During a mostly friendly hour-long “Ask the Governor” session on local radio, Christie, a likely Republican candidate for the White House in 2016, said he was awaiting “all the facts,” but would not allow the scandal known as “Bridgegate” to distract him from running that state.
“The most important issue is, did I know anything about the plan to close those lanes?” Christie said. “And the answer is still the same. Unequivocally no.”
“I’ll be damned if I let anything get in the way of me doing my job,” he said.
Federal prosecutors and the Democrat-controlled state legislature have opened probes into the incident last September, in which top aides to Christie ordered the closure of access lanes to the busy George Washington Bridge, which spans New Jersey and Manhattan.
The closures, which came in the midst of Christie’s re-election campaign and after the Democratic mayor of Fort Lee declined to endorse Christie’s bid, caused a massive traffic snarl over four days in the town across the river from New York City.
Christie has said repeatedly he was unaware of his aides’ actions, and last month fired his deputy chief of staff and severed ties with a longtime political advisor in connection with the lane closures.
Still, the scandal has hurt his image and polls show him losing ground as a potential presidential contender.
Pressure mounted on Christie last Friday when David Wildstein, a Christie appointee to the Port Authority of New York and New Jersey who personally oversaw the lane closures, told the authority that “evidence exists” Christie knew about the lane closures. Wildstein resigned late last year.
Wildstein offered no details, and Christie’s office quickly launched a counter-attack challenging his credibility.
“Bottom line - David Wildstein will do and say anything to save David Wildstein,” Christie’s office said in an email to supporters.

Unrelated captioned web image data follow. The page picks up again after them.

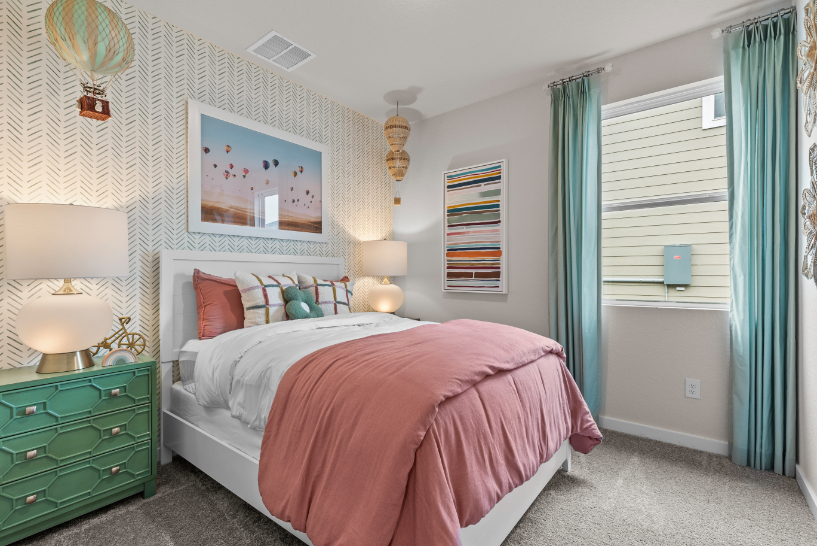 A bedroom with a bed and a lamp.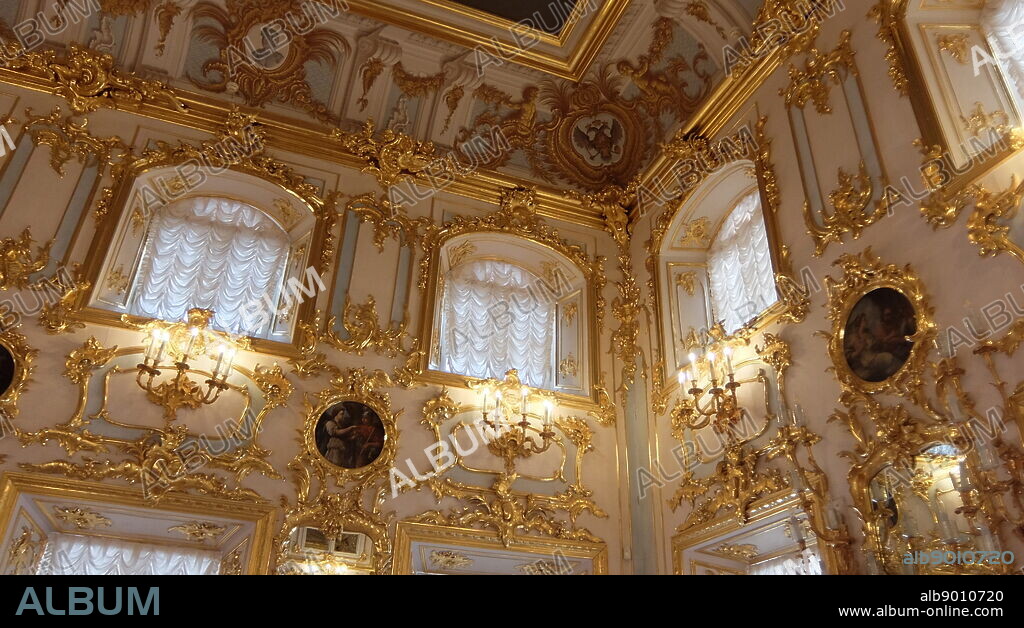 Peterhof Palace, a series of palaces and gardens located in Petergof, Saint Petersburg, Russia. Commissioned by Peter the Great as a direct response to his visit to the Palace of Versailles. In the period between 1714 and 1728, the architecture was designed by Domenico Trezzini, and the style he employed became the foundation for the Petrine Baroque style.
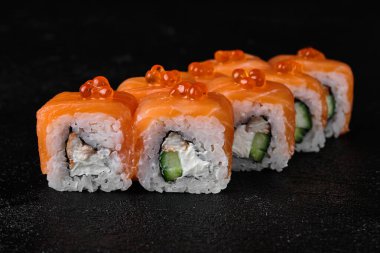salmon sushi roll with red caviar on top on black concrete background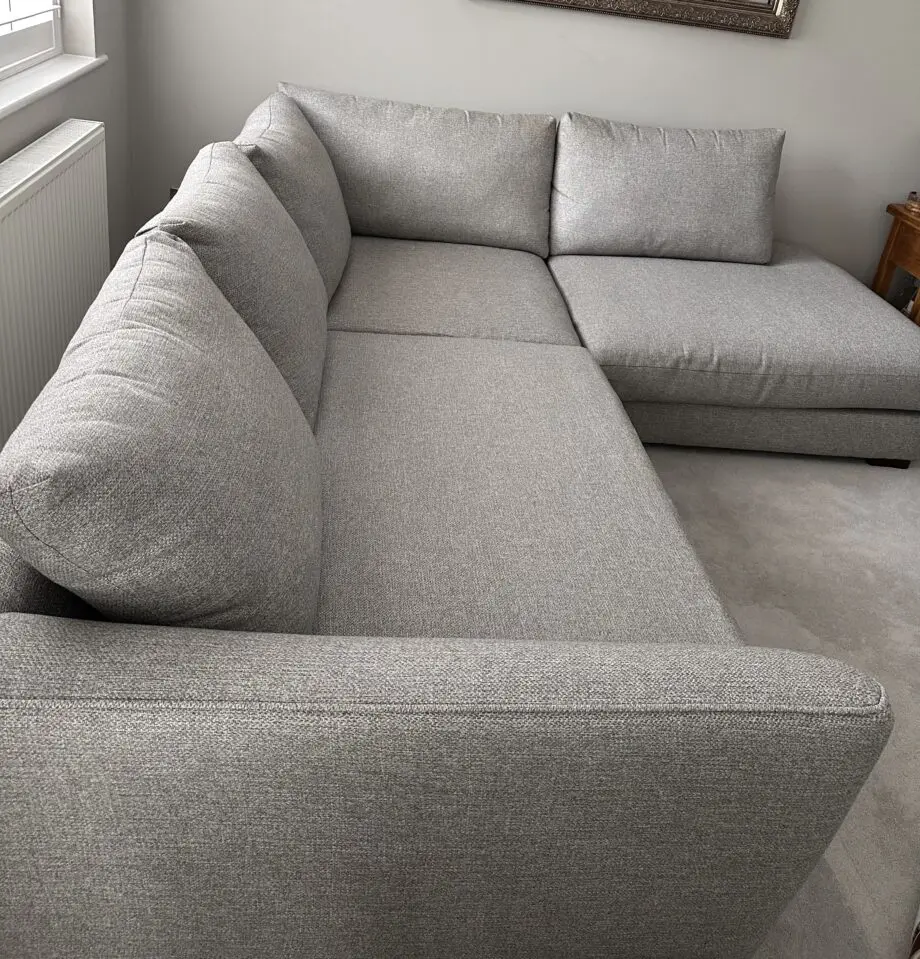 Corner sofa with an armchair and a footstool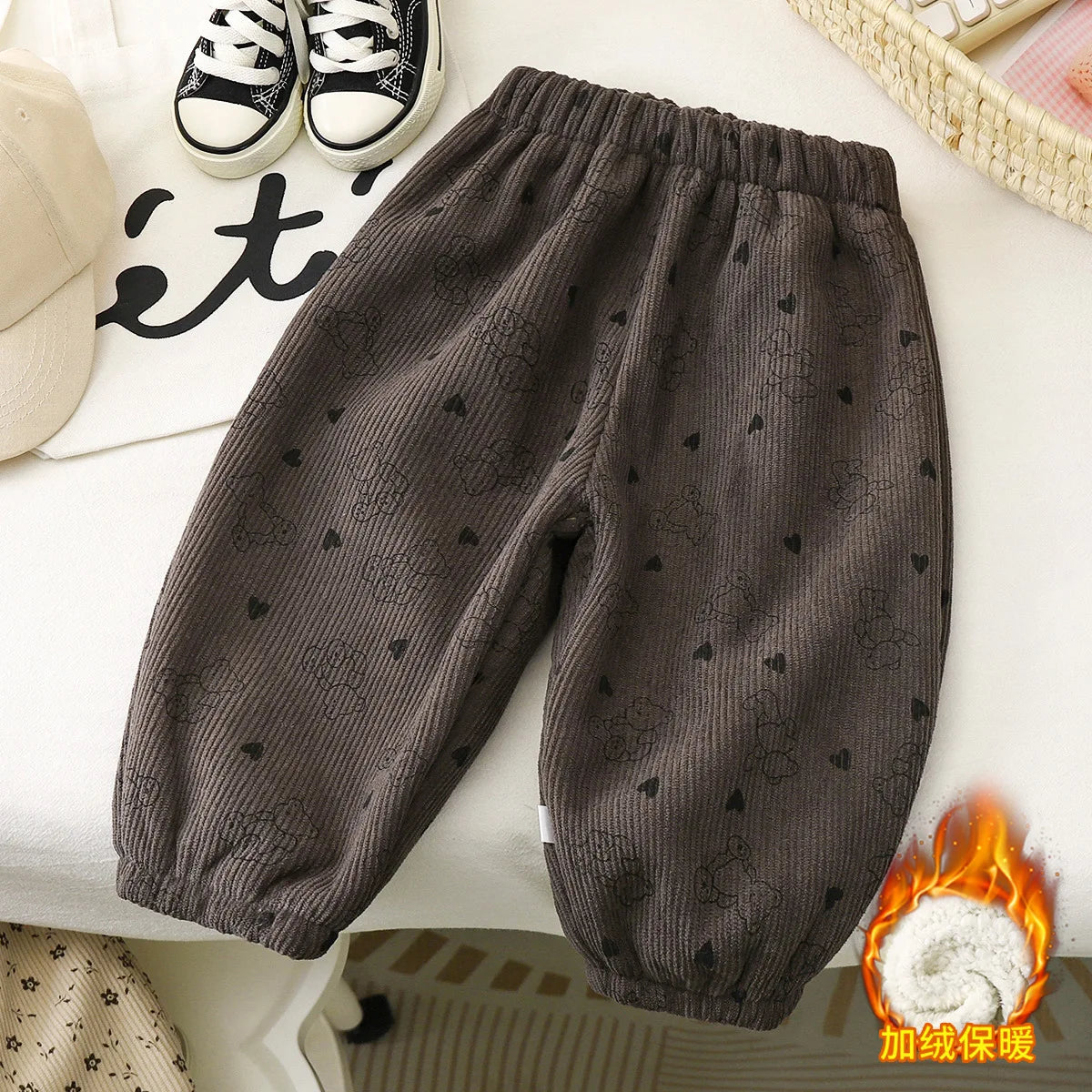 Dark gray corduroy toddler overalls featuring small heart embroidery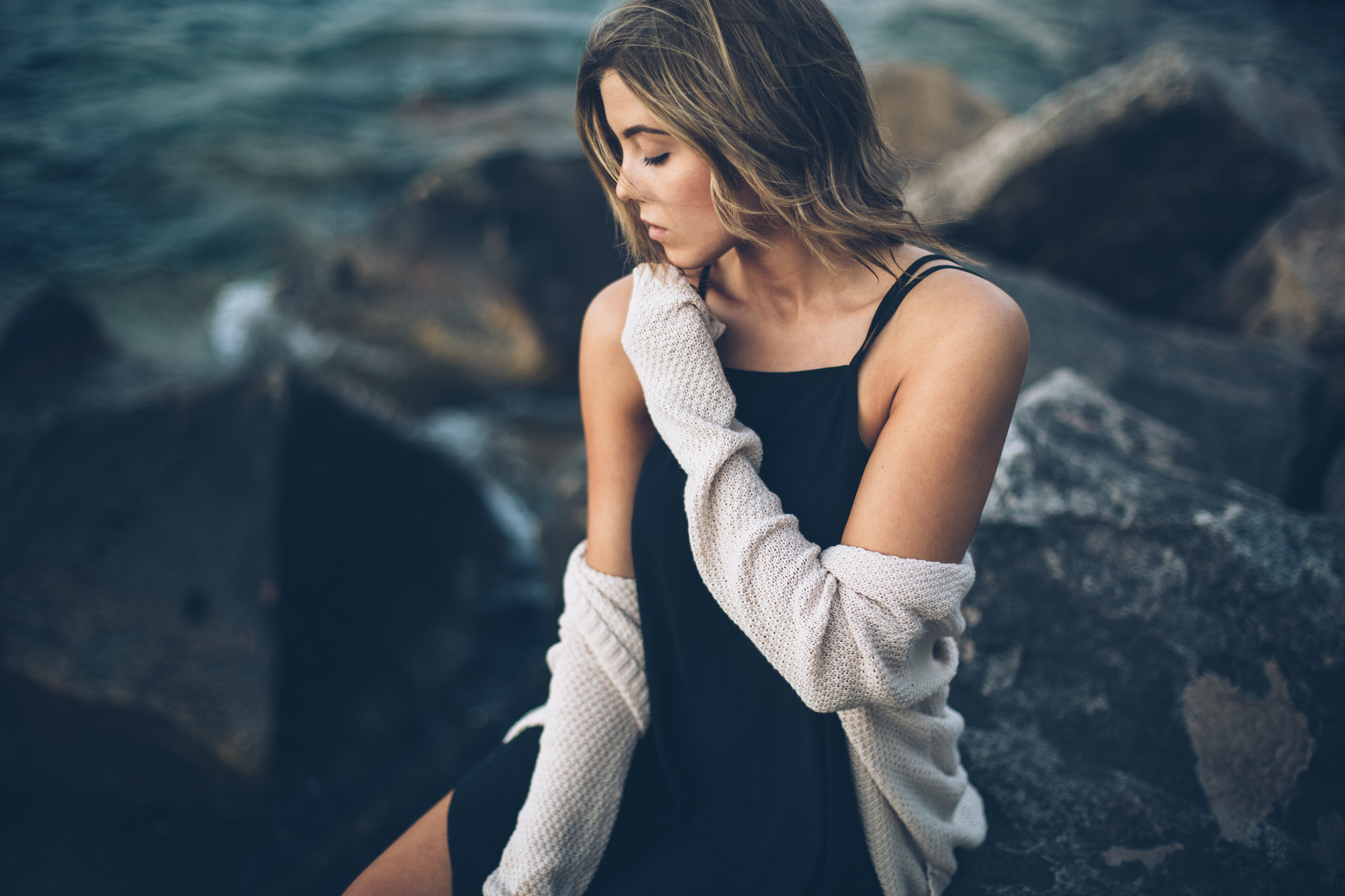 Woman in black dress and cardigan sitting on rocks HD Wallpaper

Christie did not mention Wildstein by name during the radio interview. But he did say he feels a “game of gotcha” has been underway.
Top Christie aides and the governor’s re-election campaign were among those subpoenaed by state lawmakers investigating the matter, and documents began arriving on Monday.
The lawmakers did not give details of the documents they had received, and said in a statement that many people had been granted extensions “as is typical in such situations.”
One aide served with a subpoena, Christie’s director of intergovernmental affairs, Christina Renna, said on Sunday through her lawyer that she had resigned. In a statement, Renna said her departure was long planned so she could “pursue an opportunity in the private sector.”
While Christie has not been directly implicated in the scandal, he has struggled to counter questions about his truthfulness and the tactics of his administration.
Over the last month, several other Democratic officials in the state have come forward with other accusations.
The Democratic mayor of Hoboken has said that people close to the governor withheld storm aid as a condition of the city supporting a development deal. The administration has denied the allegation, which is now the subject of a federal investigation.
Christie’s approval rating among New Jersey voters, at 65 percent just before his re-election last year, has slid to 46 percent, a Rutgers-Eagleton Poll released last month showed.